Israel imposes a progressive personal income tax with seven brackets ranging from 10% to 50%. The top 50% rate includes a 3% surtax on high earners (income exceeding approximately ILS 721,560). Residents are taxed on worldwide income, while non-residents are taxed only on Israeli-sourced income. New immigrants (olim hadashim) and returning residents (after 10+ years abroad) are granted a 10-year exemption on foreign-sourced income and capital gains, plus reporting exemptions.

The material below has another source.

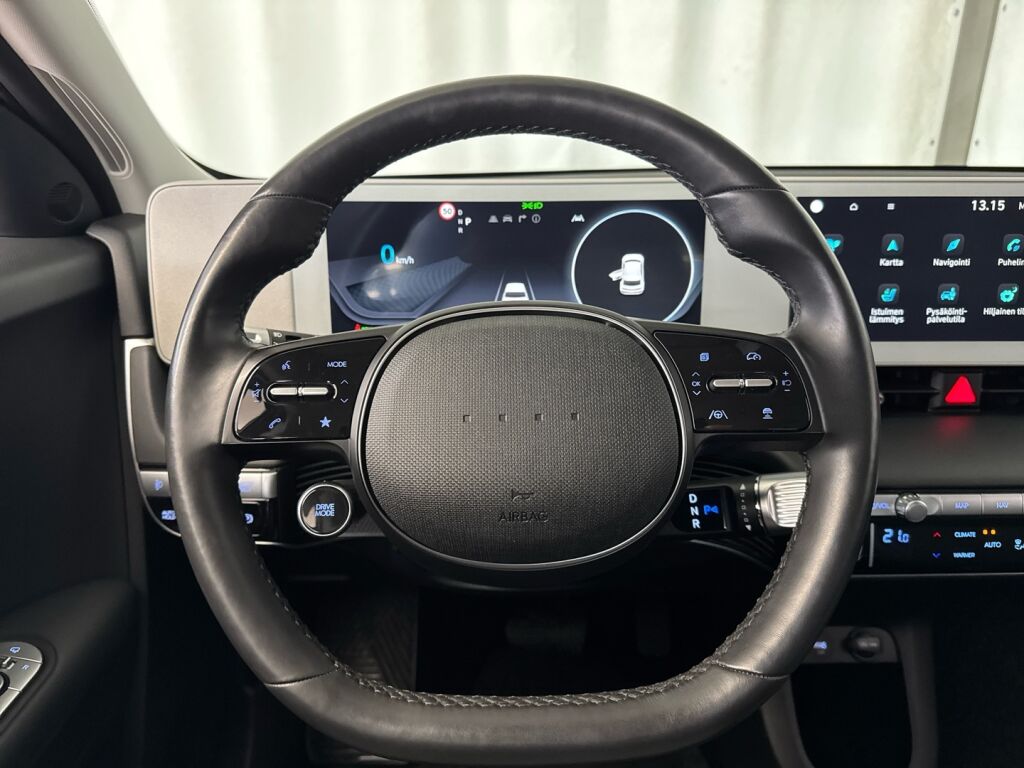 Hyundai IONIQ 5 2021 Harmaa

| Income Range (ILS) | Tax Rate |
|---|---|
| ₪0 – ₪84K | 10% |
| ₪84K – ₪121K | 14% |
| ₪121K – ₪194K | 20% |
| ₪194K – ₪269K | 31% |
| ₪269K – ₪560K | 35% |
| ₪560K – ₪722K | 47% |
| ₪722K+ | 50% |
Filing Deadline
April 30 (individuals); extended deadlines available for represented taxpayers (typically July 31)
Residency Rule
An individual is a tax resident if their center of life is in Israel, determined by factors including permanent home, family location, economic and social interests. A presumption of residency applies if an individual is present in Israel for 183 days or more in a tax year, or 30+ days in the current year with 425+ days over the current and two preceding years. Residents are taxed on worldwide income.
Additional Notes
Israel provides various tax credits including personal credit points (nekudot zikui) that reduce tax liability. Each credit point is worth approximately ILS 2,904 per year. Residents receive 2.25 credit points (2.75 for women). Additional credits are available for children, new immigrants, students, military service, and other qualifying circumstances. Contributions to recognized pension funds and provident funds are tax-deductible or eligible for tax credits.
How Israel Income Tax compares
Israel’s top personal income tax rate of 50% is the 10th highest of 203 countries TaxAtlas tracks, above the global average of 27.7% and Asia’s regional average of 22.2%.